**What the task requires**
I'd like an exact copy of only the lines from the start of the listing below through the line that holds "Heren Vlek Zijden". Please keep the pictures out.

**Data section**
Start of Block
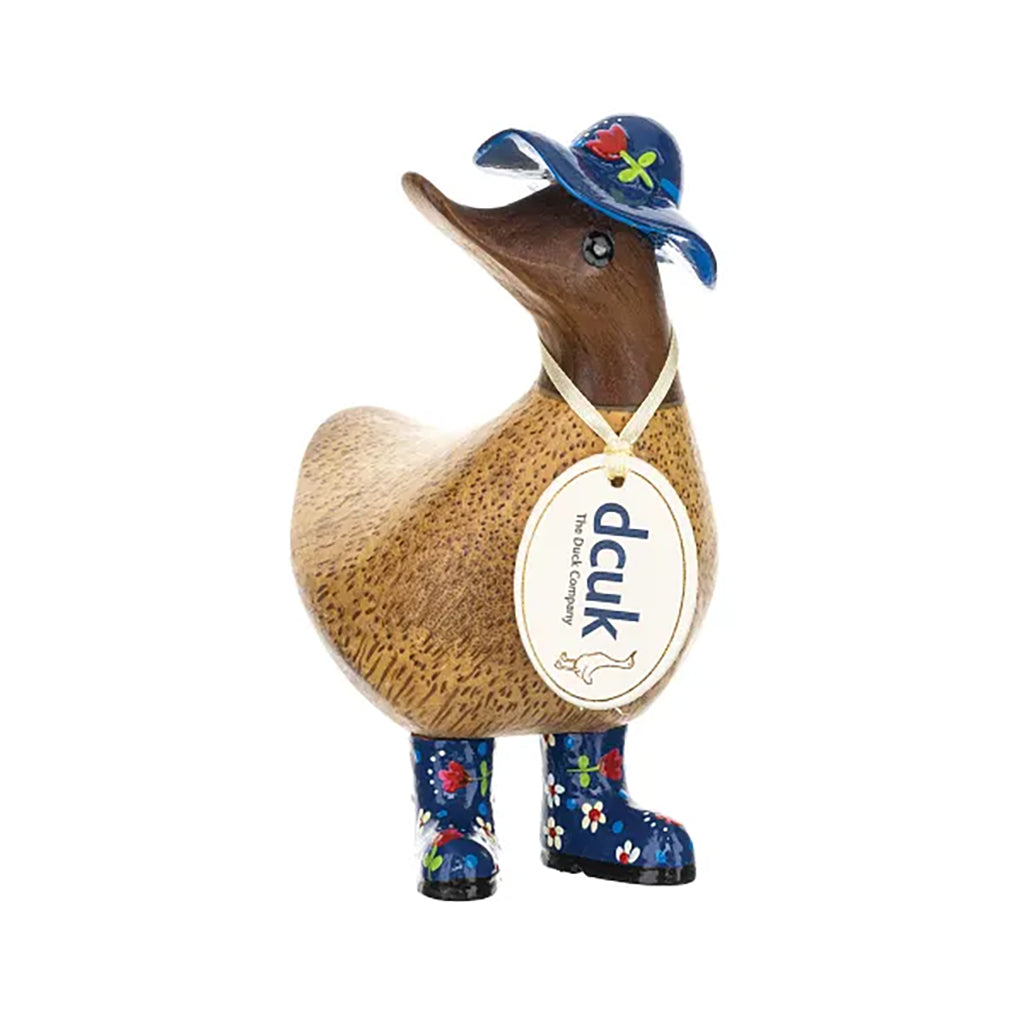 DCUK Floral Hat & Boots Ducky 9" Blue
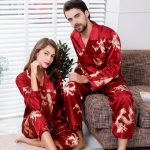 Heren Vlek Zijden Pyjama Set Heren Draak Gedrukt Zacht Gezellig Satijnen Nachtjapon Dames Koppels Nachtkleding voor Mannen kopen vanaf een prijs van 14 | Joom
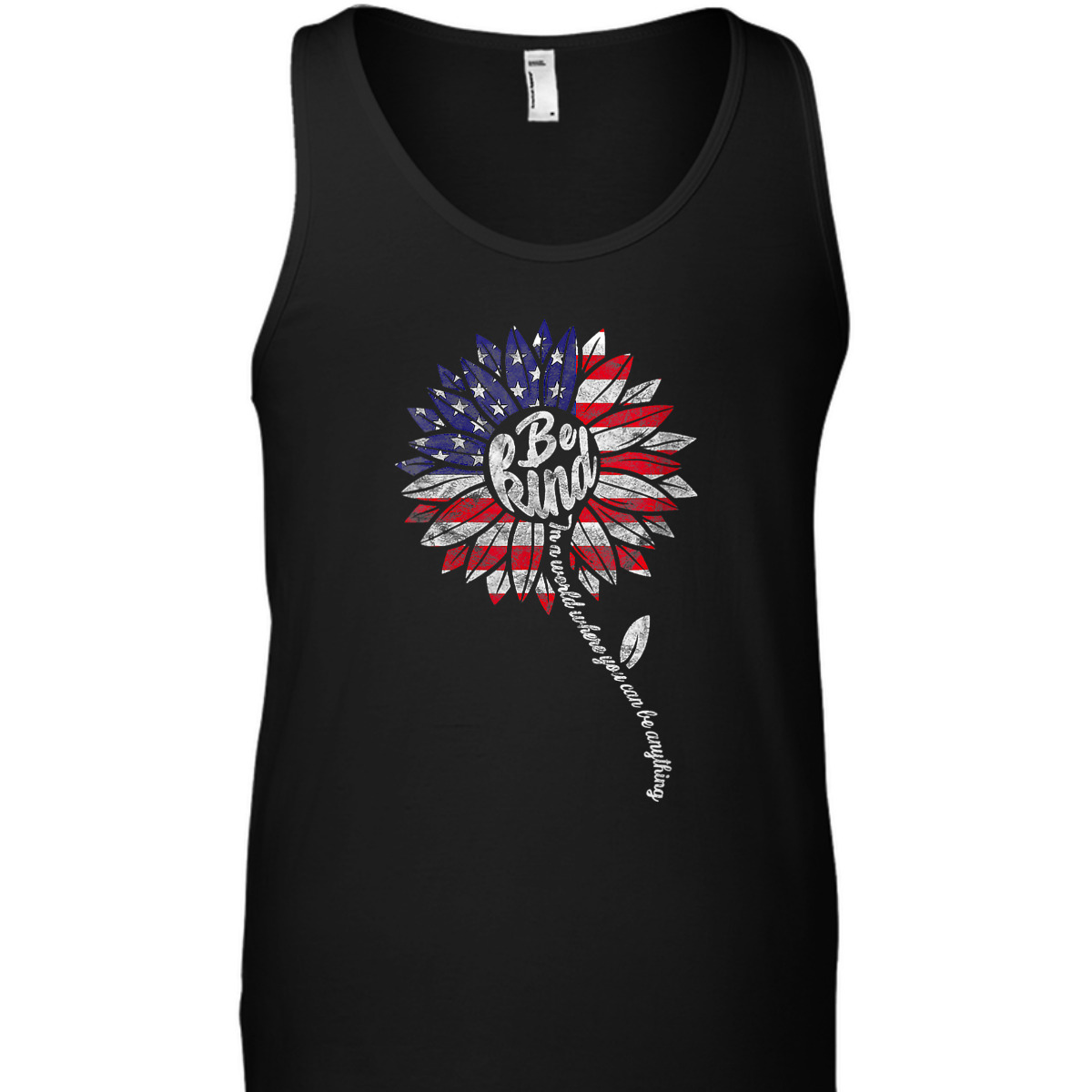 Womens 4th Of July Be Kind Sunflower Red White And Blue T-Shirt Womens 4th Of July Be Kind Sunflower Red White And Blue T-Shirt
End of Block
**Written answer**
 DCUK Floral Hat & Boots Ducky 9" Blue
 Heren Vlek Zijden Pyjama Set Heren Draak Gedrukt Zacht Gezellig Satijnen Nachtjapon Dames Koppels Nachtkleding voor Mannen kopen vanaf een prijs van 14 | Joom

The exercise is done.